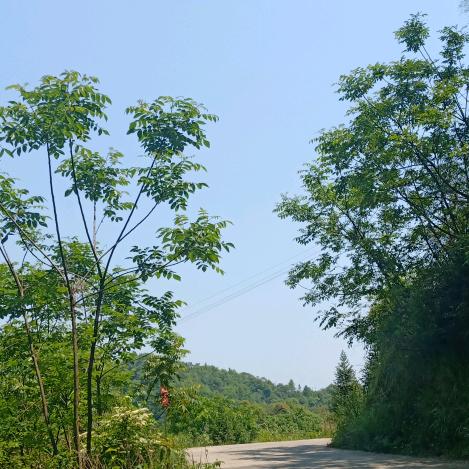 秋天的风。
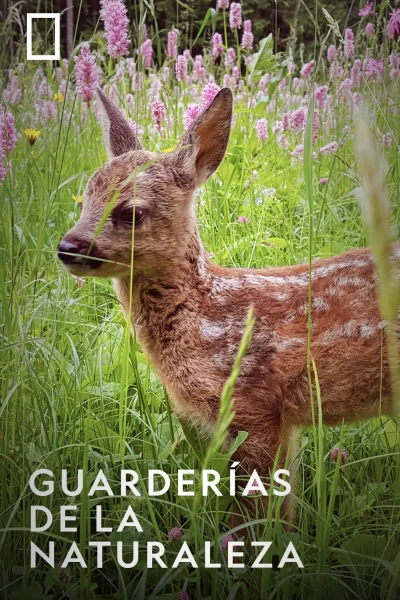 Guarderías de la naturaleza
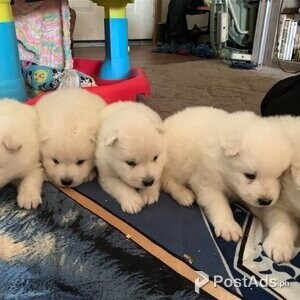 Samoyed Puppies Viber or Whatsapp (+63 9660614143) | PostAds PH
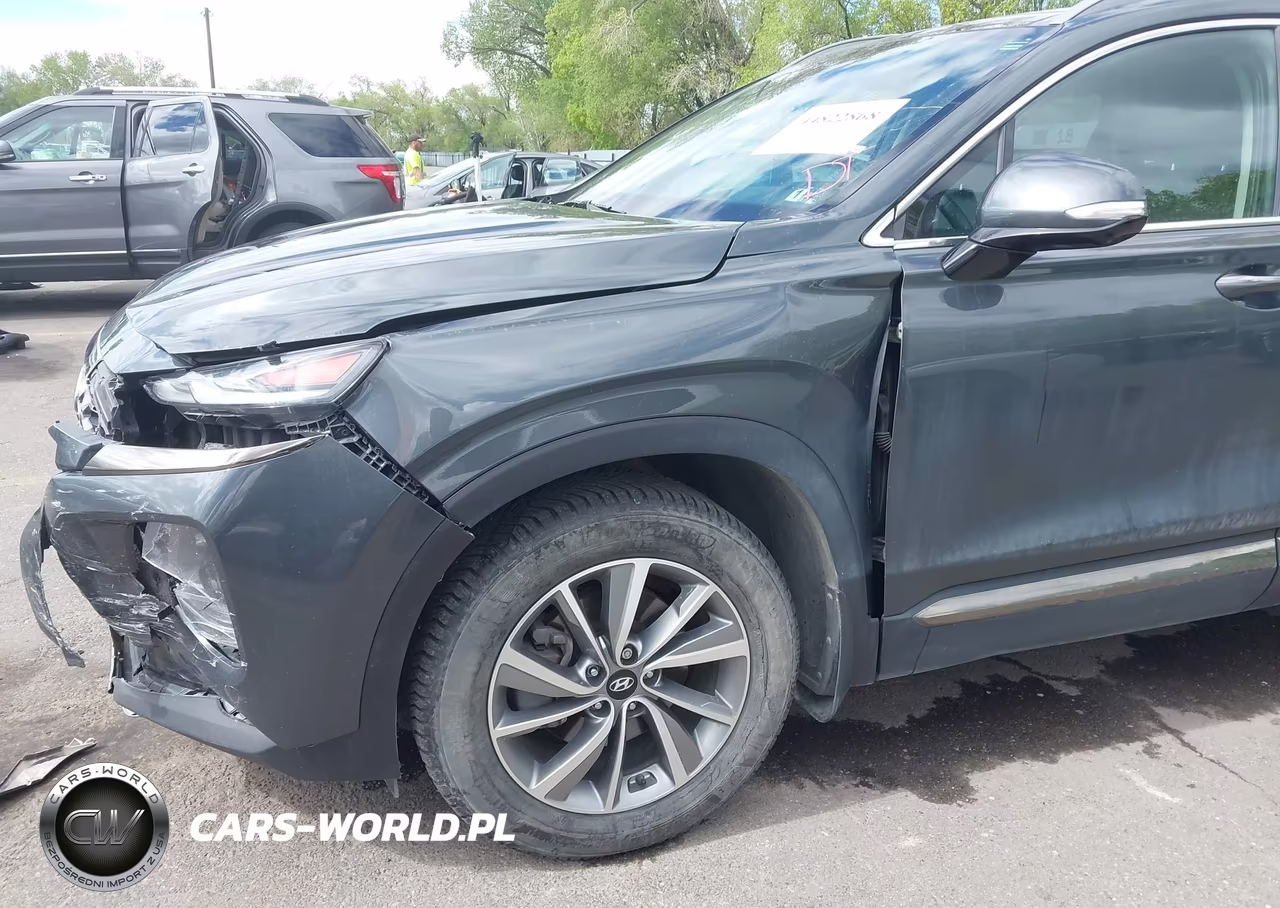 2020 Hyundai Santa Fe Limited VIN:5NMS5CAD0LH195678 - 17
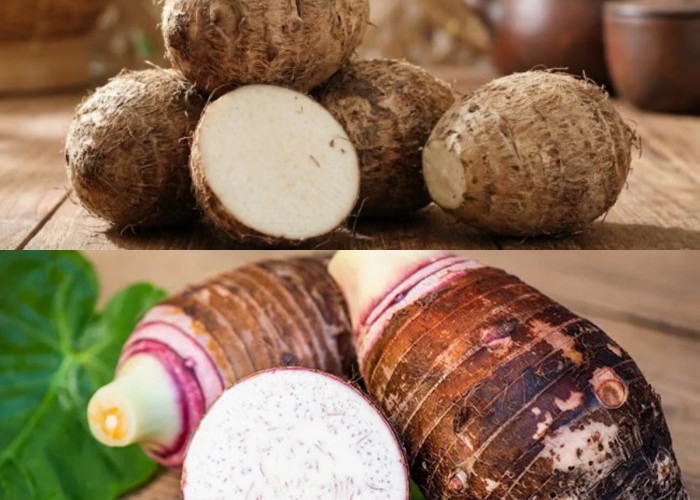 Kimpul: Pangan Lokal Kaya Nutrisi dan Potensi Kesehatan
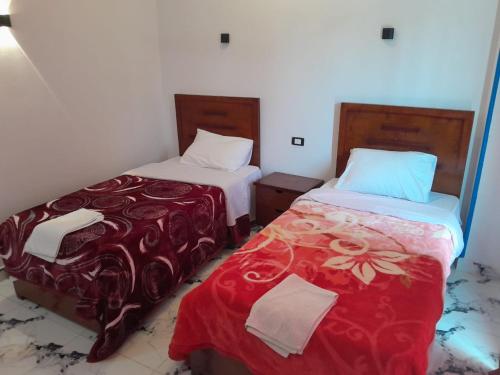 two beds sitting next to each other in a room at Bastet Retreat Hotel in Luxor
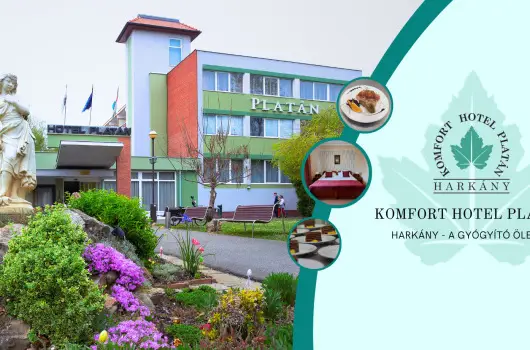 Komfort Hotel Plat�n - Szilveszter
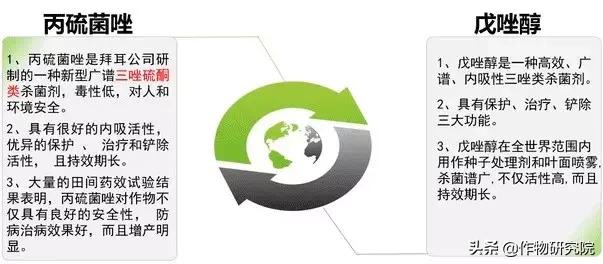 赤霉病白粉病锈病哪个减产厉害,赤霉病和小麦白粉病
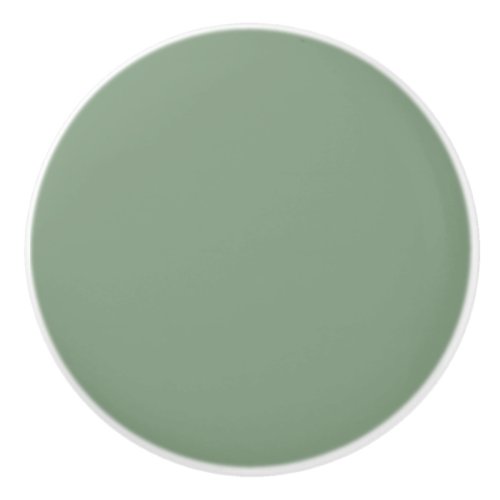 Soft Basil Green Muted Neutral Solid Color Ceramic Knob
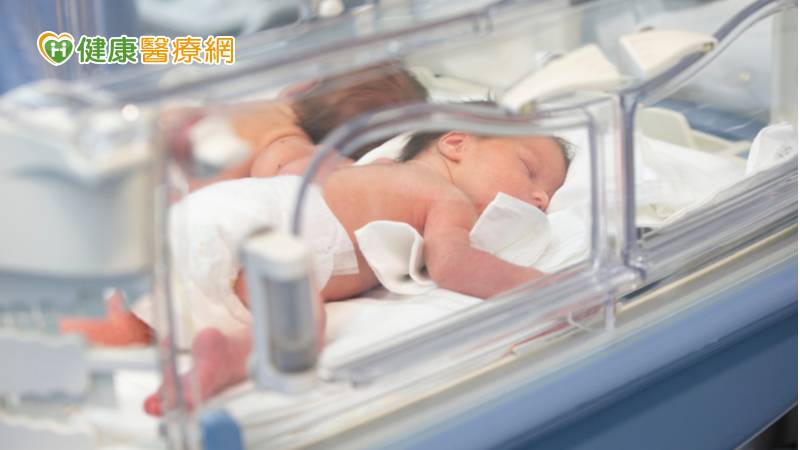 雙胞胎早產兒間隔生產　馬偕周產期跨團隊助順產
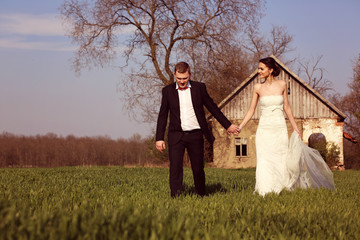 Bride and groom in a sunny day on a field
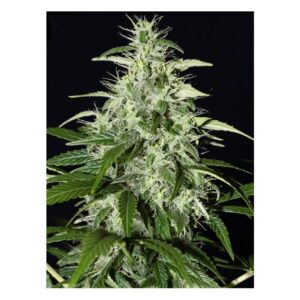 Lemon Skunk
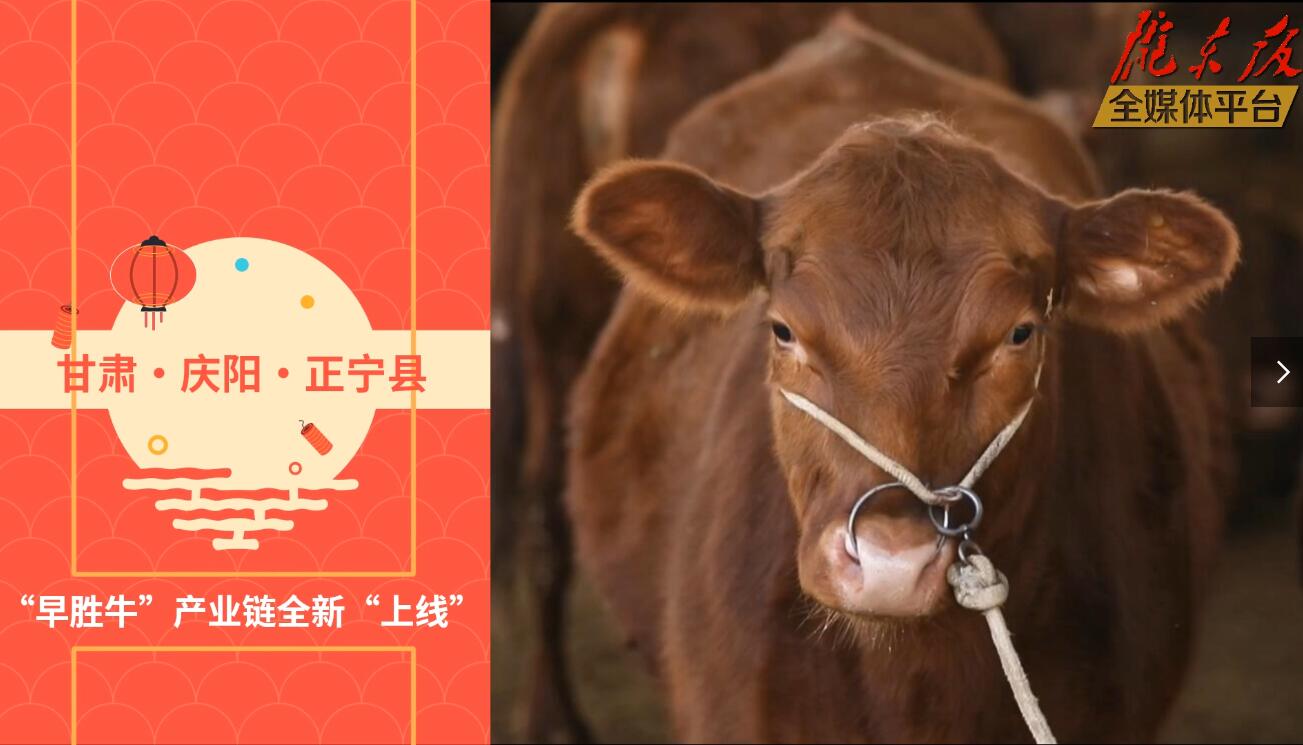 【慶陽視頻】目標20萬頭！正寧縣打造西北肉牛養(yǎng)殖大縣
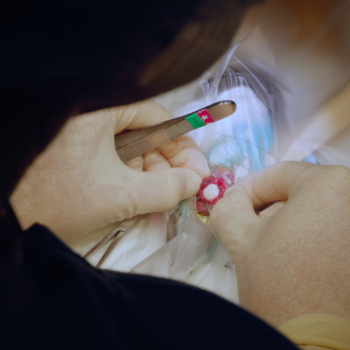 Thumbnail - Cesarean Section on an Eggbound Parakeet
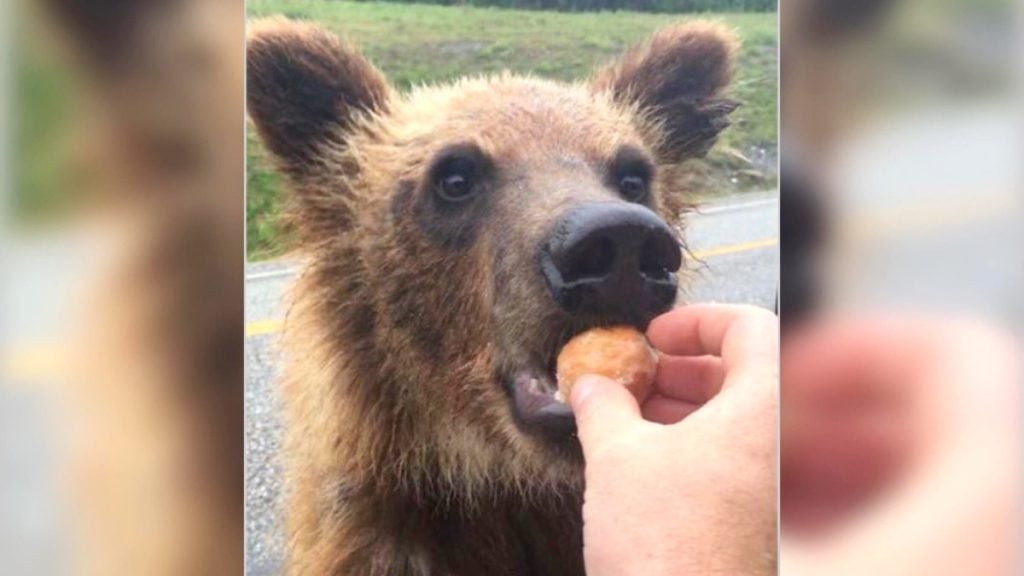 bc bear timbits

--

# EXERCISE DESCRIPTION:
Take the lines from the one containing "Soft Basil Green" through the last line of the listing and repeat them exactly. Omit the pictures.

# RESPONSE:
 Soft Basil Green Muted Neutral Solid Color Ceramic Knob
 雙胞胎早產兒間隔生產　馬偕周產期跨團隊助順產
 Bride and groom in a sunny day on a field
 Lemon Skunk
 【慶陽視頻】目標20萬頭！正寧縣打造西北肉牛養(yǎng)殖大縣
 Thumbnail - Cesarean Section on an Eggbound Parakeet
 bc bear timbits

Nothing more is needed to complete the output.